_YOUR INSTRUCTIONS_: All of the data below is to be repeated exactly, except for the pictures.

_DATA BELOW_:
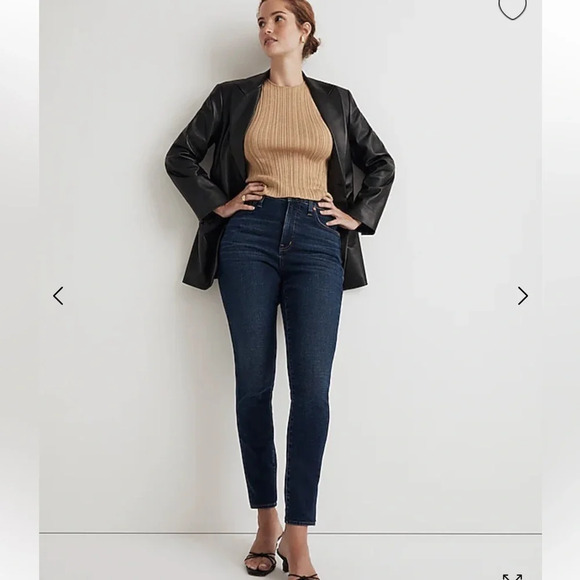 MADEWELL Curvy High Rise Skinny Dark Wash Denim Jeans Petite - Picture 3 of 9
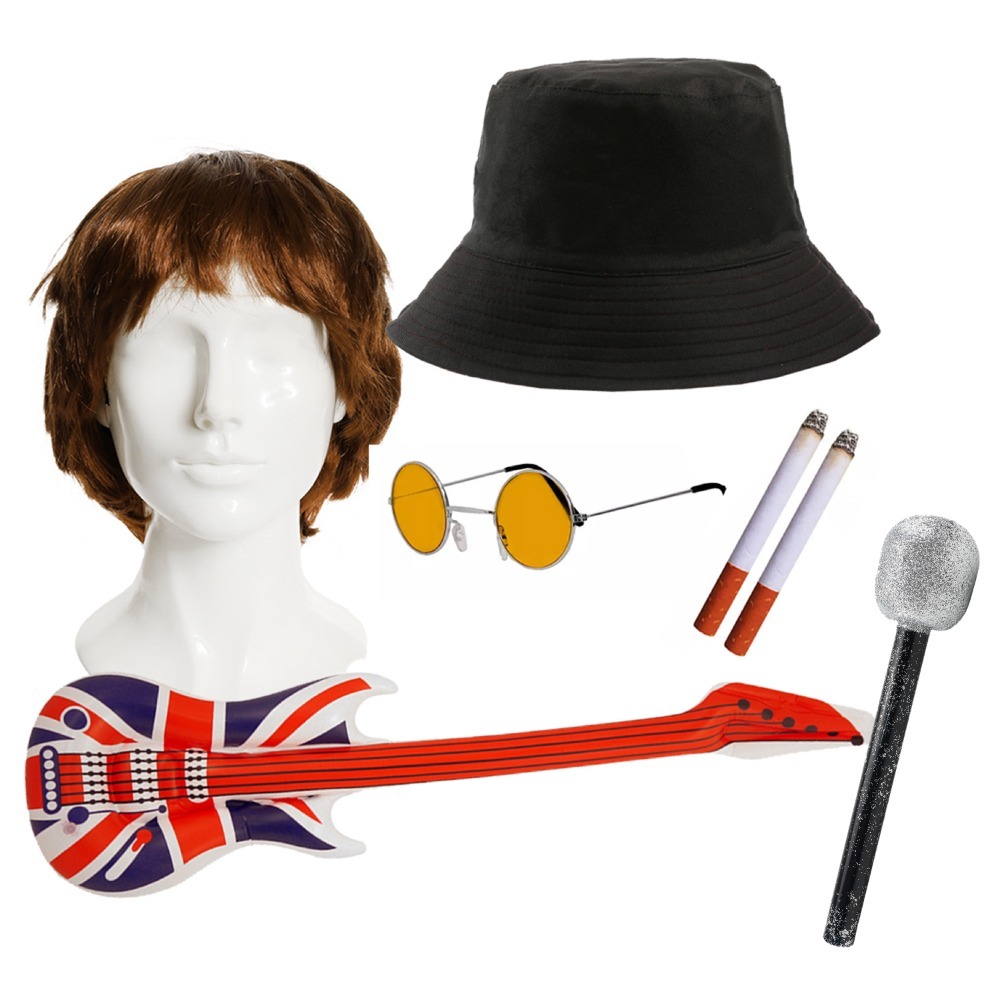 Click to view product details and reviews for Liam Gallagher Set Hat Wig Guitar Mic.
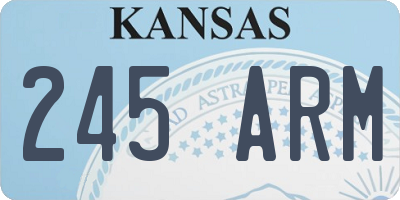 KS license plate 245ARM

_WRITTEN SOLUTION_:
 MADEWELL Curvy High Rise Skinny Dark Wash Denim Jeans Petite - Picture 3 of 9
 Click to view product details and reviews for Liam Gallagher Set Hat Wig Guitar Mic.
 KS license plate 245ARM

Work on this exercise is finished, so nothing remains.